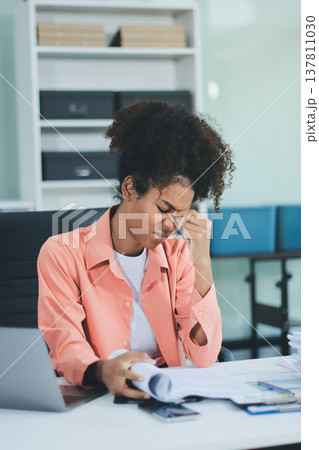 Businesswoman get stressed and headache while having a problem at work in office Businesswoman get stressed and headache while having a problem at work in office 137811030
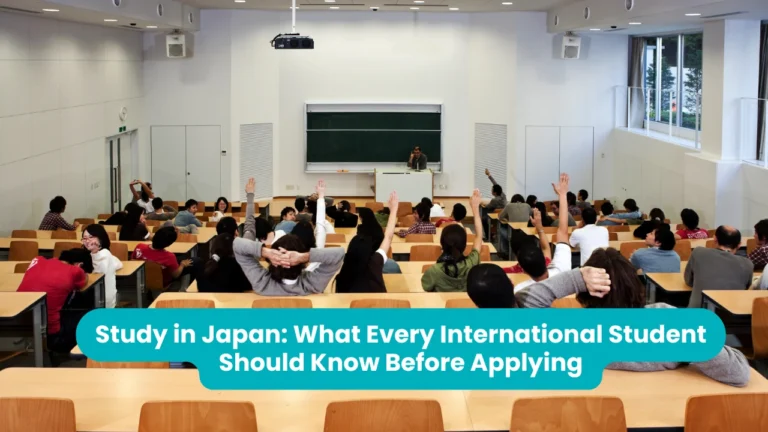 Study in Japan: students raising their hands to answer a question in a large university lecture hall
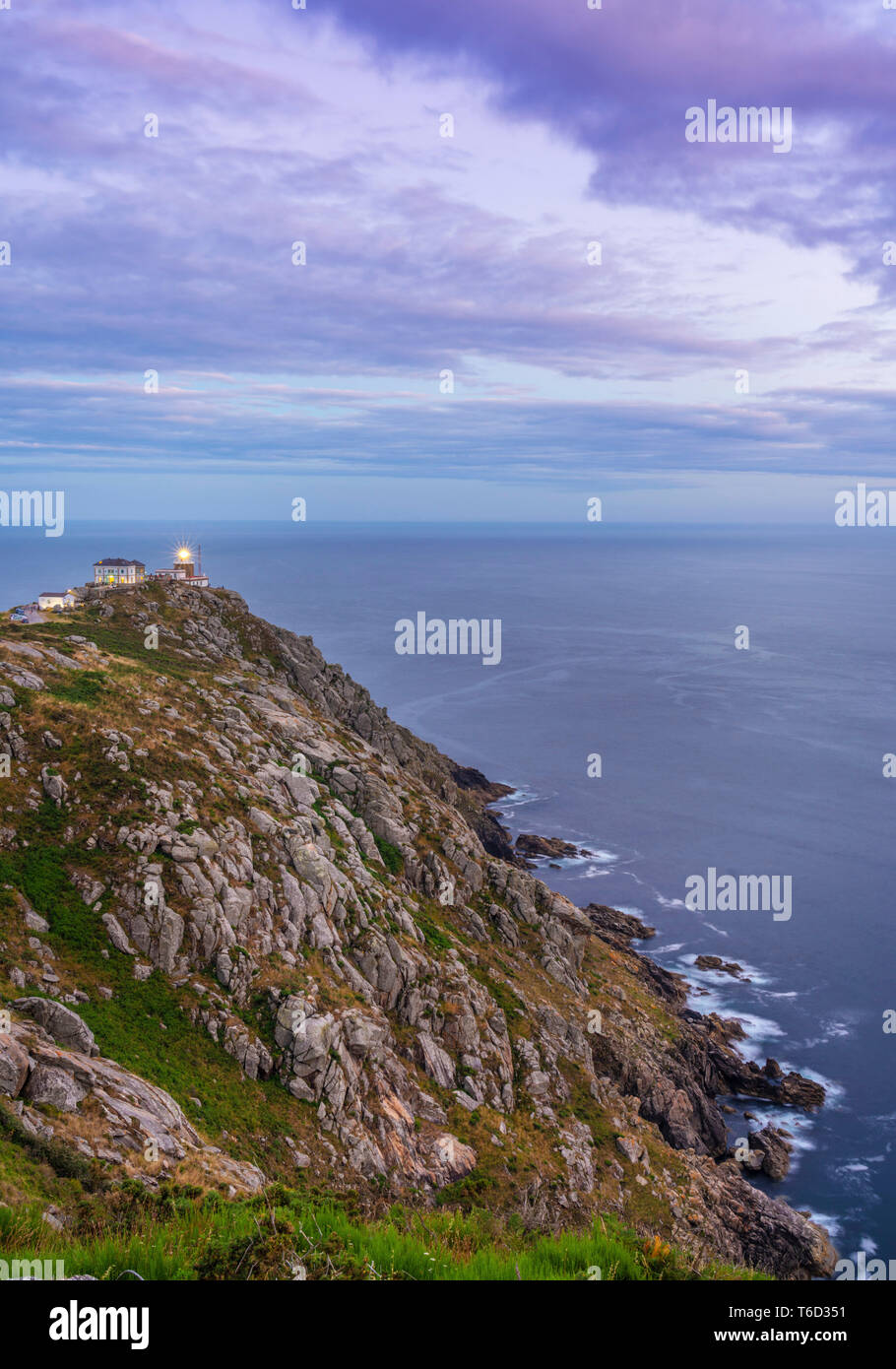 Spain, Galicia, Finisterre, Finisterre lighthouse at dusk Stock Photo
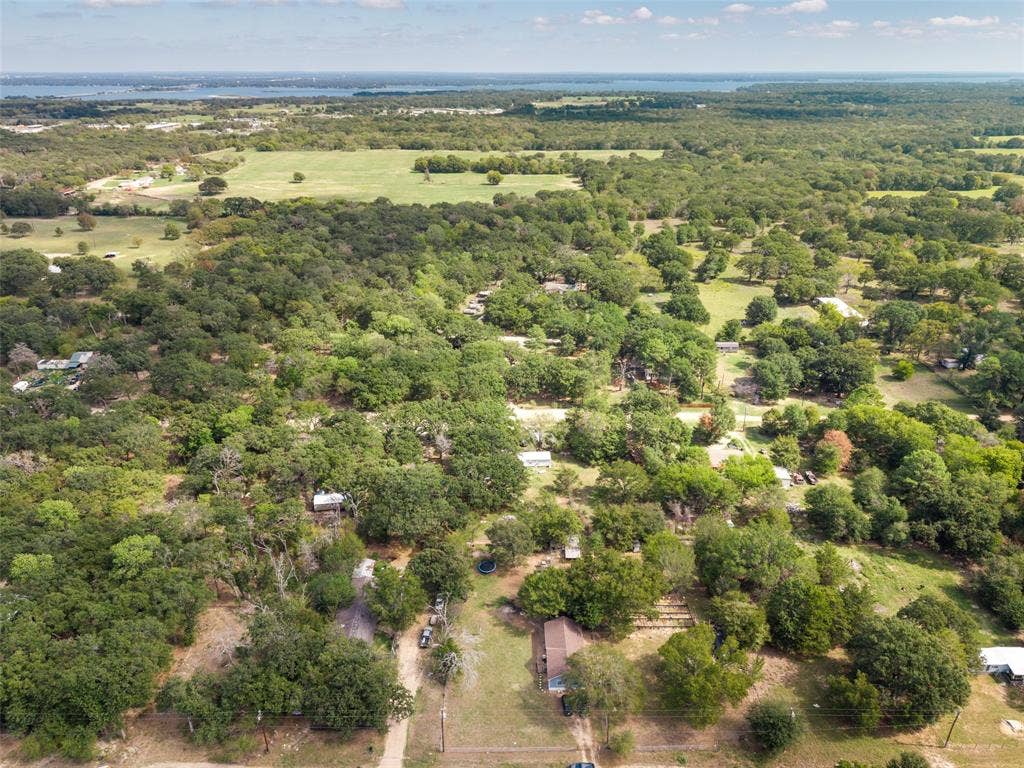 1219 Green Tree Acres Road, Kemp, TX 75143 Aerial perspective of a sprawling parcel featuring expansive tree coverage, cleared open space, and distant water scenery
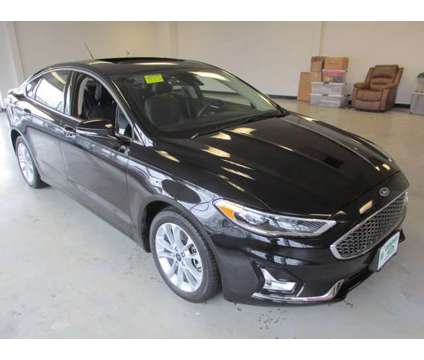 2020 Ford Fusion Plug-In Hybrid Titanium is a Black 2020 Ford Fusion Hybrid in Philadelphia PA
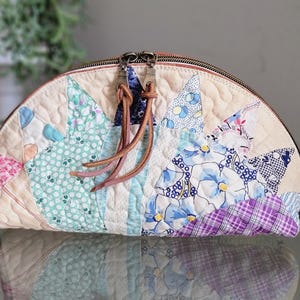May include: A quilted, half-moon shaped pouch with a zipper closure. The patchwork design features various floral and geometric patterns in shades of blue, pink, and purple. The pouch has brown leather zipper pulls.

◇ ◇ ◇ ◇

WHAT YOU SHOULD DO:
What you return should be the exact lines from the one containing "Study in Japan: students" through the end of the listing above, both included, minus any pictures.

OUTPUT OF THE TASK:
 Study in Japan: students raising their hands to answer a question in a large university lecture hall
 Spain, Galicia, Finisterre, Finisterre lighthouse at dusk Stock Photo
 1219 Green Tree Acres Road, Kemp, TX 75143 Aerial perspective of a sprawling parcel featuring expansive tree coverage, cleared open space, and distant water scenery
 2020 Ford Fusion Plug-In Hybrid Titanium is a Black 2020 Ford Fusion Hybrid in Philadelphia PA
May include: A quilted, half-moon shaped pouch with a zipper closure. The patchwork design features various floral and geometric patterns in shades of blue, pink, and purple. The pouch has brown leather zipper pulls.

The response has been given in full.